Most men would consider themselves lucky if at the age of 80 they can make it out to the golf course on occasion. Not Yuichiro Miura. For him, only reaching the peak of Mount Everest will satiate his hunger for adventure.

Last week we reported that Miura, who hails from Japan, was planning his trek to the top of the world, and on Thursday he accomplished what he set out to do. At the age of 80 he has become the oldest man to ever scale the tallest mountain in the world.

"We have arrived at the summit," Miura said in a radio transmission to Japanese news agency Kyodo from the world's highest point. "80 years and 7 months. ... The world's most incredible mountaineering team had helped me all the way up here."

Miura already holds one record on Mount Everest as he is the only person to ever ski down the mountain.
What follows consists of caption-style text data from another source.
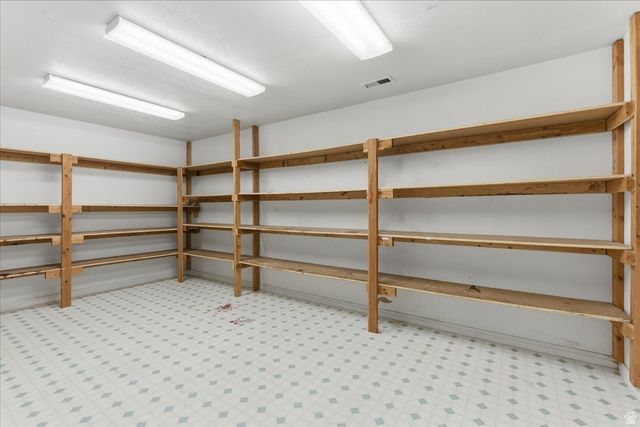 16 E 1400 N, American Fork, UT 84003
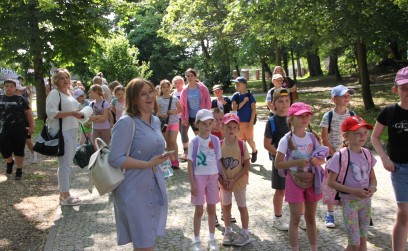 Roźwienicki Park Rozbrzmiał Śmiechem – Bajeczny Gminny Dzień Dziecka!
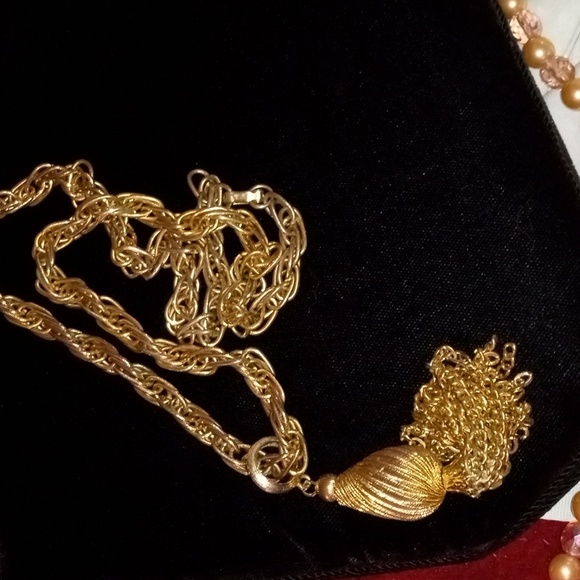 Jewlery - Picture 7 of 11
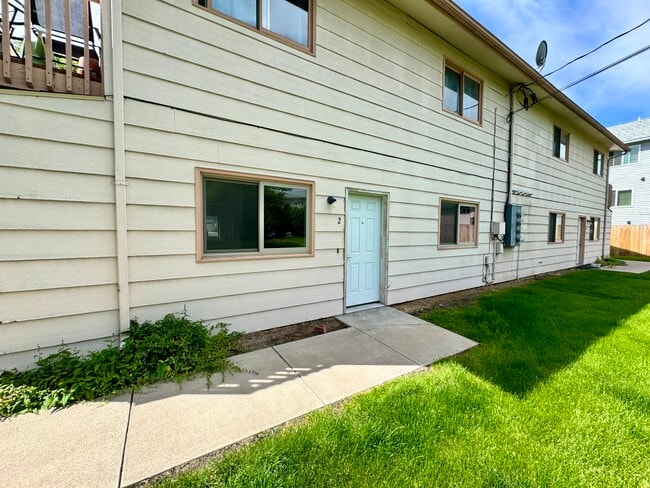 Building Photo - 2340 Fairview Ave Unit 2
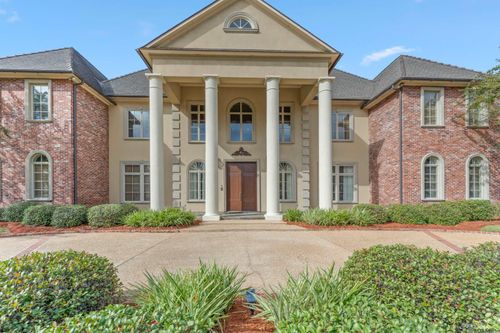 2602 Cedar Lodge Dr, Baton Rouge, LA, 70809-1057 | Card Image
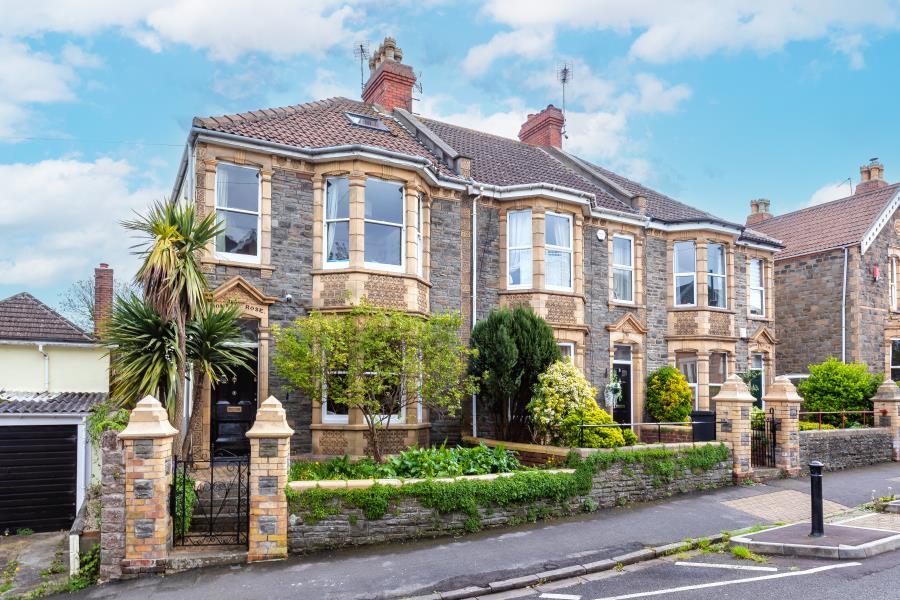 Main image of property: Old Barrow Hill - Shirehampton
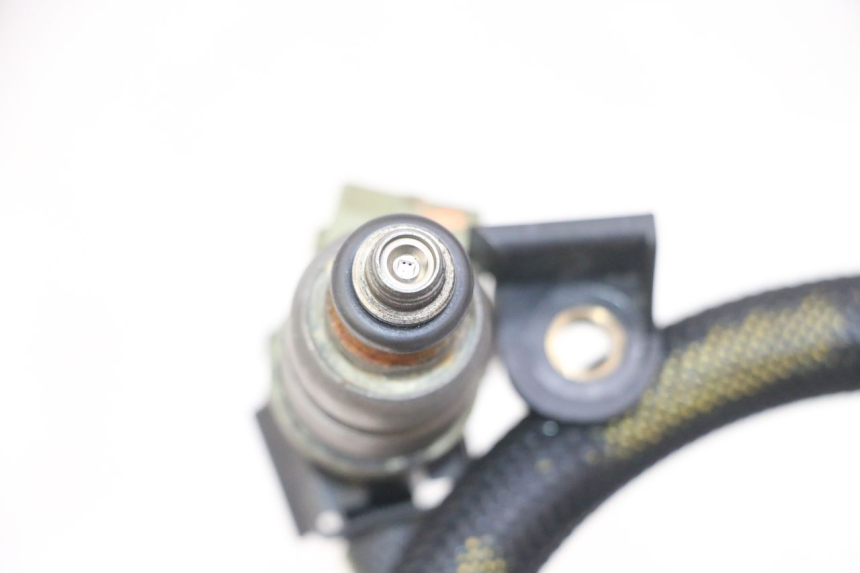 photo de INIETTORE PEUGEOT SATELIS COMPRESSOR K15 125 (2006 - 2009)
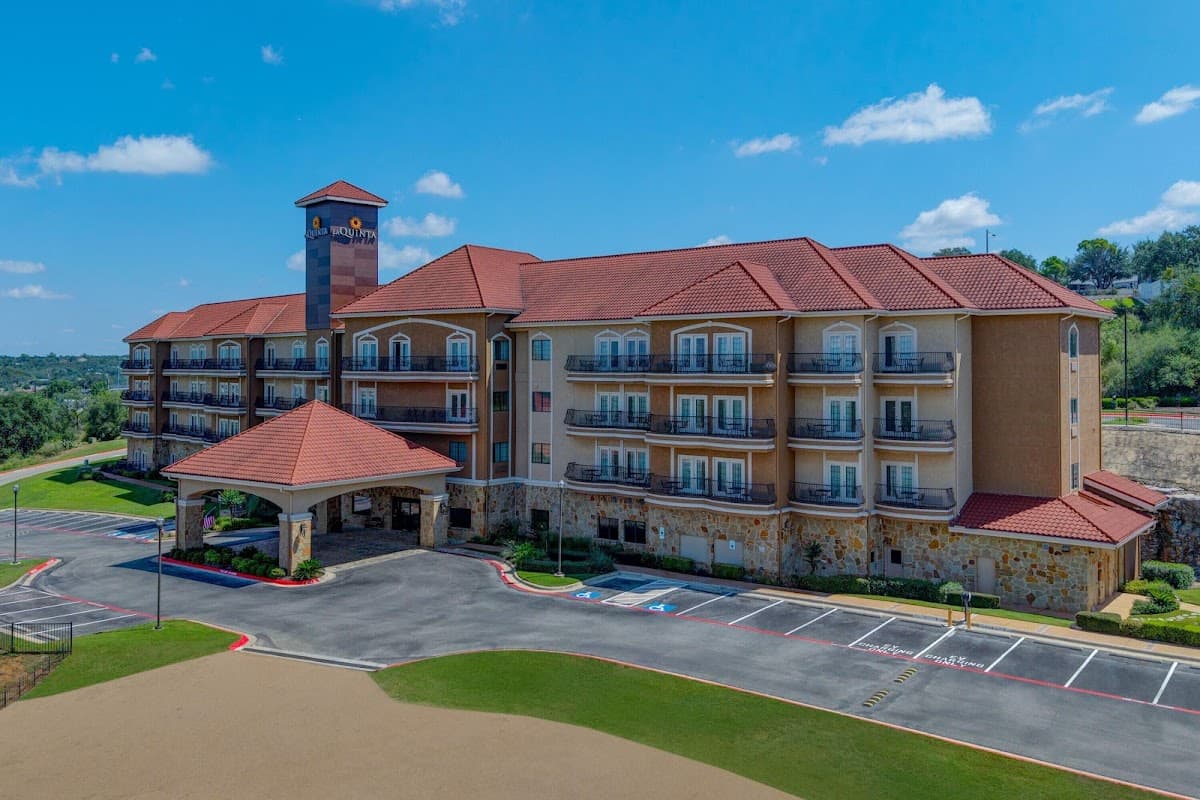 La Quinta Inn & Suites by Wyndham Marble Falls, Hotel in Marble Falls
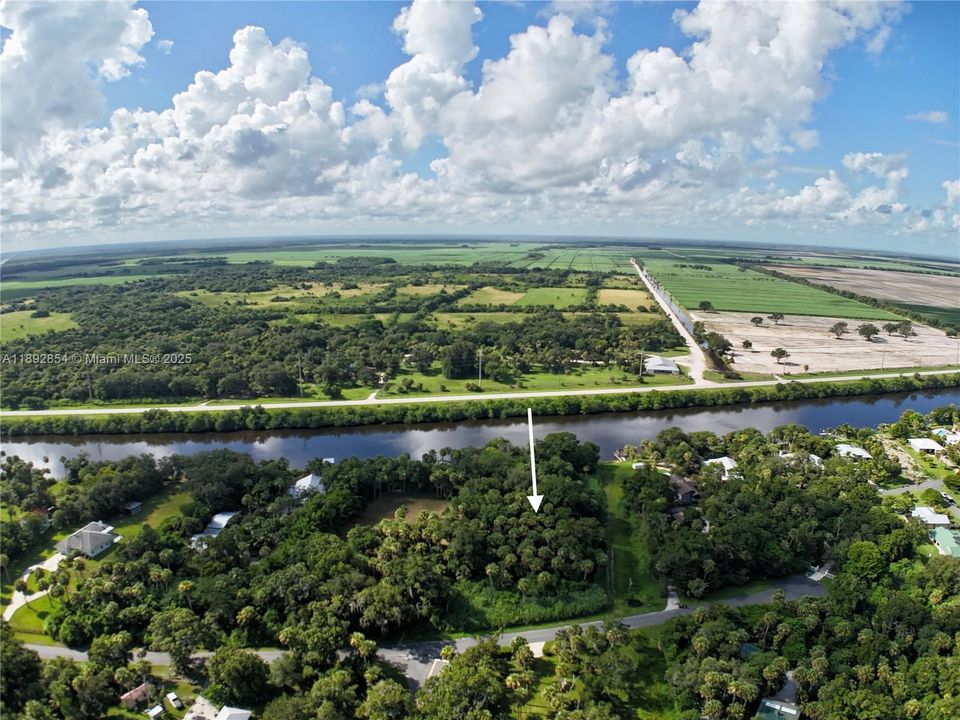 На продажу: $500,000 (2.00 acres)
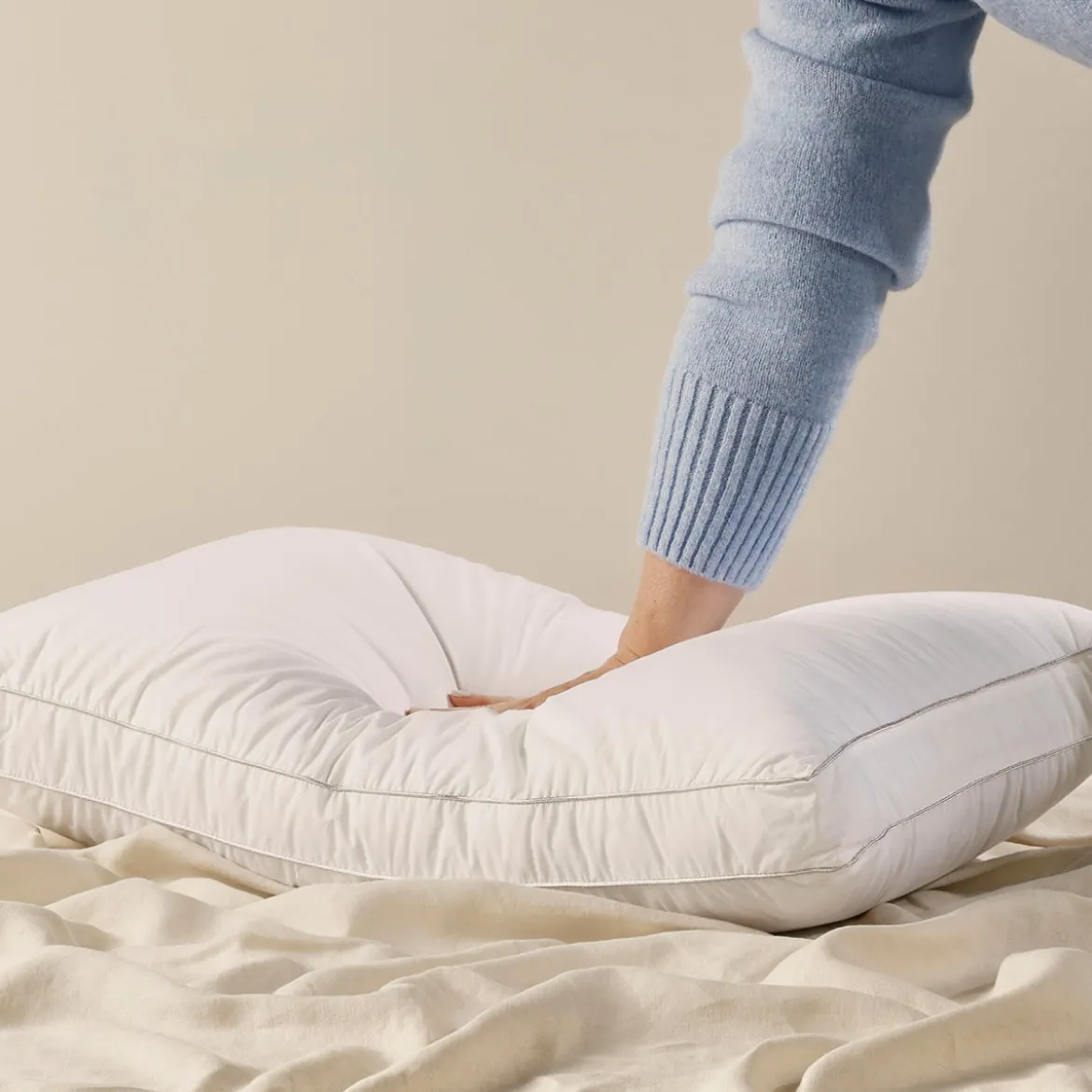 Hotel & Home Superior Microfibre Medium Pillow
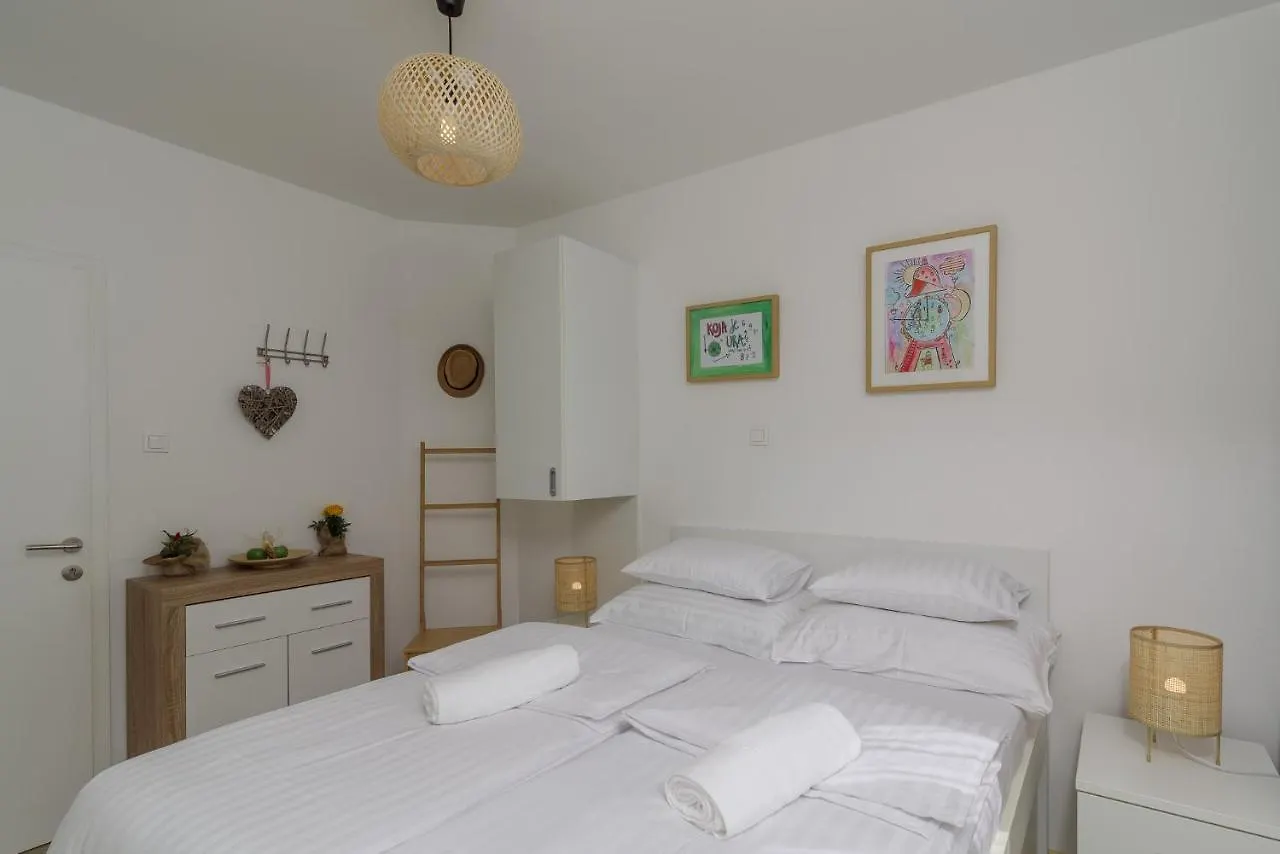 Vila White krevet i doručak Trogir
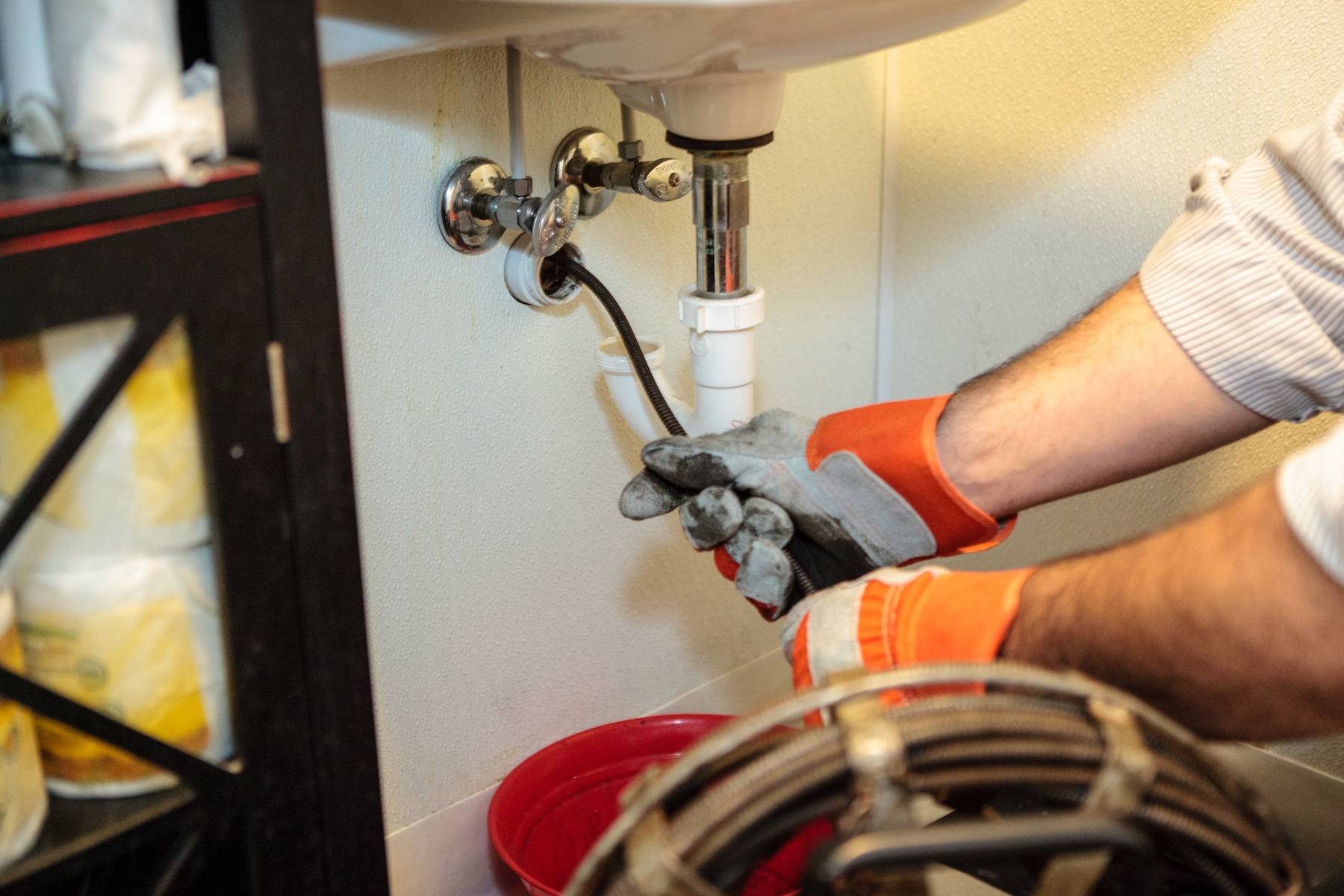 Прочистка канализации в частном доме своими руками: как пробить засор?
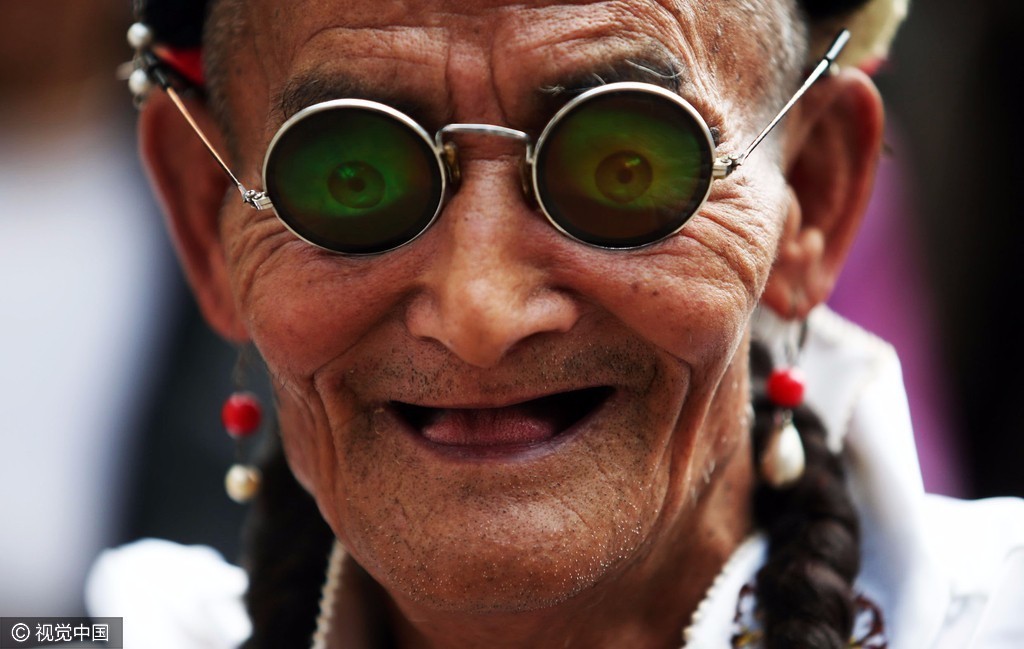 74歲大爺每逢週末就扮成「潮奶奶」上街跳舞，他坦承背後原因其實是「為了96歲老母親」！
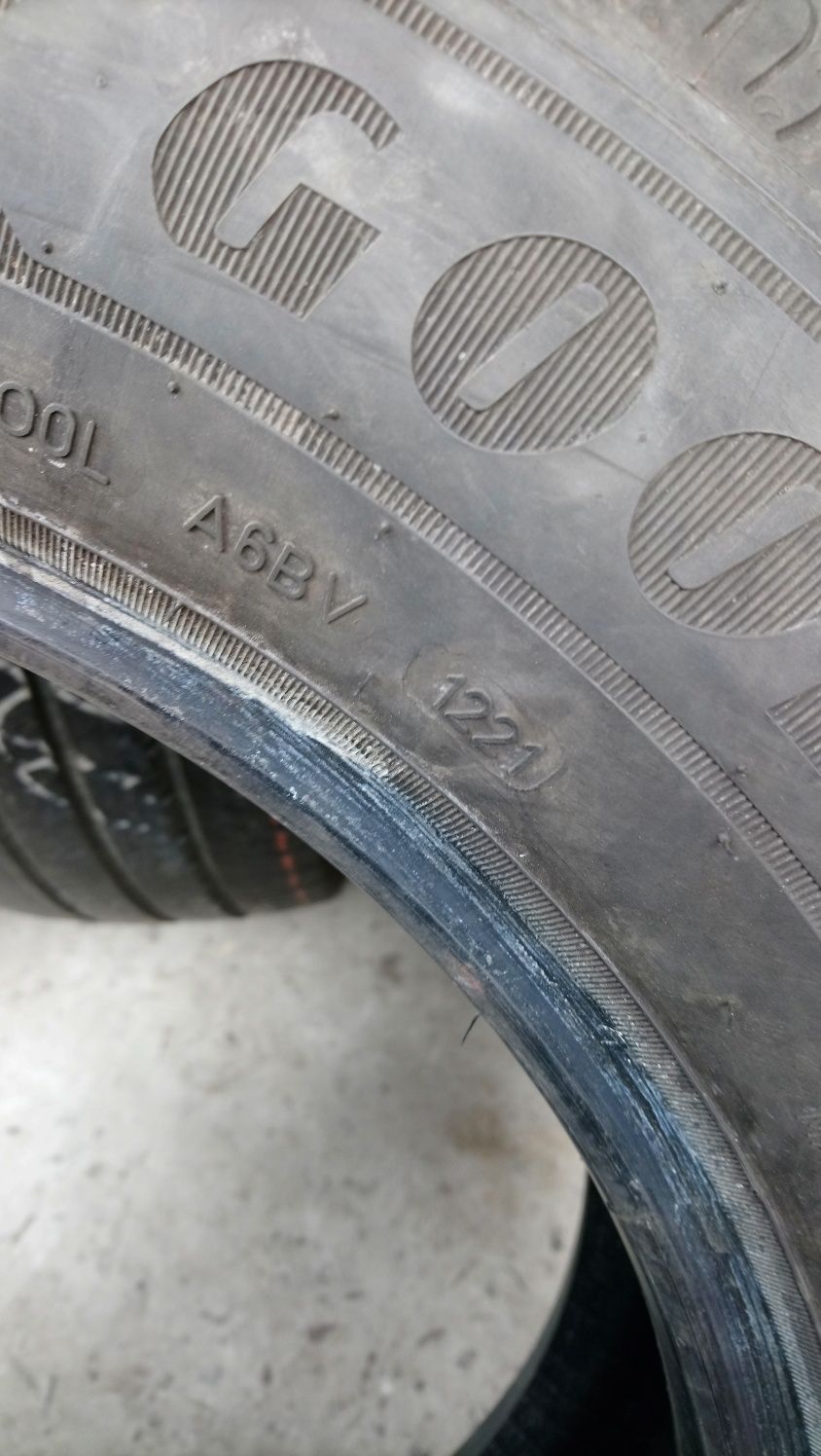 Шини Good Year Efficient Grip Cargo 215/65 R16C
Additionally, he has also climbed to the utmost tip of the Himalayas when he was both 70 and 75 years old, proving that his latest climb was no fluke, but rather the product of a trained, focus mind.

"I'm feeling on top of the world," quipped Miura via satellite phone, according to Kyodo. "Even at the age of 80, I can go on and on."

The record was previously held by Nepal's Min Bahadur Sherchan, who in 2008 reached the summit at 76, one day before Miura scaled the mountain at age 75. Sherchan is planning to one up Miura once again, having already secured funding from the Nepalese government to make the trek, which he plans on doing very soon.

Despite the fact that his record will likely not hold for very long, Miura does not seem to have a care in the world. For him, overcoming one's own limitations has always taken precedence over some record.

"It is to challenge (my) own ultimate limit. It is to honor the great Mother Nature," he said. "And if the limit of age 80 is at the summit of Mt. Everest, the highest place on earth, one can never be happier," he said.

Edmund Hillary and Tenzing Norgay first climbed the mountain back in 1953. Since then, around 3,000 people have made the journey to the highest point in the world. It is an especially dangerous trek, as two men died on the ascent just three days before Miura's record climb.